I love Carmen, my Mexican wife, to bits, and I would never consciously make fun of her. But I can’t help laughing whenever we visit my family at Christmas, and Carmen gets so excited after a few glasses of punch that her tongue turns furry, her usually perfectly acceptable English becomes muddled, and she tends to say the funniest things ever.

The other day, my mom was preparing her famous spinach and cheddar casserole with Carmen watching closely and writing down the recipe. Mom stirred the stew, squirted some extra-heavy cream into it, and scooped some onto a wooden spoon to taste it.

"Mmmm…Needs more pepper,” she said.

Unfortunately, Carmen had already drunk that punch, which made her slur her words.

"Jenny, you have some spinach on your teat," she said.

Mom quickly glanced down at her blouse and chuckled. "Well, I guess my soup is sticking to me today!"

But she then added, "Can't see any spinach on my blouse."

Carmen shook her head. "Not on your blouse. On your teat!"

I was wrapping presents in the living room while Dad was drinking beer, but I heard the conversation that called for a "John to the rescue!" mission.

"She means you have some spinach on your teeth!" I shouted, and my dad laughed uproariously, spilling the beer in the process.

The whole thing was entirely innocent and ended in shared laughter. It was the same when we visited the funfair in Gloucester, Massachusetts, a few days before.

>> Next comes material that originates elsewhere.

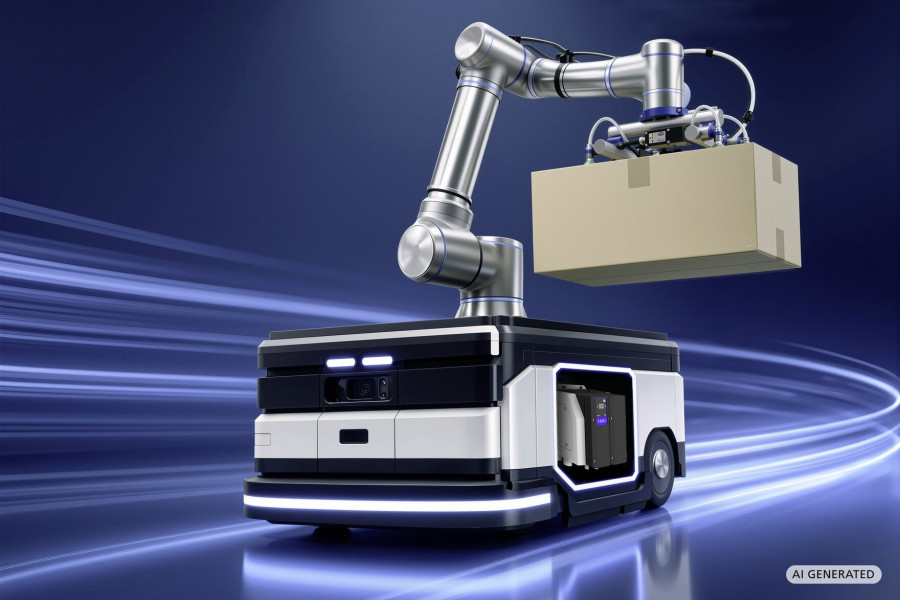 Robot-to-Goods-Prozesse ermöglichen eine autonome Kommissionierung, für die keine zentrale Druckluftanlage erforderlich ist. Die Vakuum-Pumpe GSP ist dabei besonders platzsparend, leicht und energieeffizient, wodurch sich die Batterielaufzeit erhöht. (Bildquelle: J. Schmalz GmbH)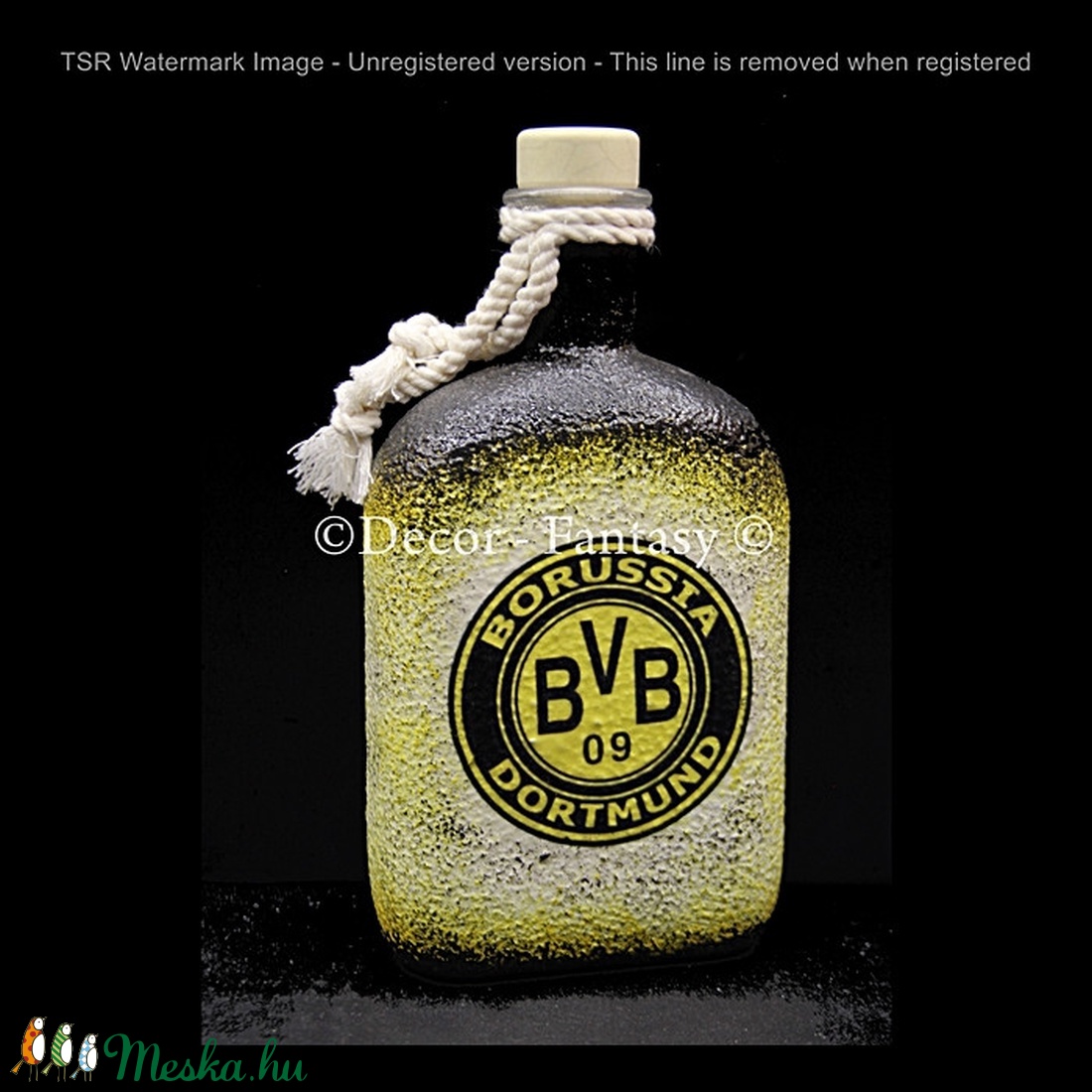 Borussia Dortmund  emblémával díszített   italos üveg ( 0,5 l )  -  - Meska.hu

It was late afternoon, and the setting sun flooded the sky with a beautiful crimson flare, lighting up the clouds. A massive rollercoaster swirled, coiled, and sped up and down the track like a gigantic metal snake. People screamed excitedly as Carmen and I watched in awe.

"Want to try some real fair fun?" I asked, taking her by the hand to one of my favorite childhood games. You know, the kind that goes well with slushies so cold they set your teeth on edge.

Carmen asked what the game was called.

"Wack-a-mole," I said, explaining how to play it.

It was not until we got home that my wife, excited and cheeks flushed from the cold, recounted her experience to Mom and Dad. She couldn't stop talking about the rollercoaster and how much fun we had playing… guacamole…

But it was a different kettle of fish when we started our pre-wedding sessions with Father O'Brien, an old-school priest who must be nearly a hundred years old. You know, the kind who still wears a traditional cassock and prefers to say mass in Latin with a heavy Irish brogue.

We talked about how Carmen and I met, about our vows, and how we imagined our life together, confirming that we wanted three kids and the "till death do us part" kind of marriage.

Until Carmen opened her mouth—this time, punch was not to be blamed.

"I’m Mexican, father, and proud of it. And I know that John wants to fuckus here, in America, but he needs him to understand our cultural differences and respect my wishes because I don’t want to fuckus exclusively here but also spend time in Mexico.”

The priest's nose tip turned pale, and his jaw literally dropped, I kid you not. He had not expected such a blunt statement during our pre-wedding counseling session.

"What she means, father, is that I want to focus… Get it? Focus on living in the United States."

I’m still not sure I convinced him that Carmen's words were inoffensive, that we had nothing kinky in mind, and that it was just my future wife’s, well, let’s say, alternative pronunciation.

But Carmen got her own back when we went to her sister Rosario’s wedding in Guadalajara, where she effortlessly navigated between English and Spanish, leaving me in awe of her bilingual skills.

It was "Carmen to the Rescue" now, especially when I managed to spill a whole bottle of the finest Valle de Cholula Olive Oil on her sister's wedding dress at dinner.

"Lo siento. Estoy tan embarazado," I mumbled.

Rosario blinked a few times, looked at her ruined dress, and responded in perfect English.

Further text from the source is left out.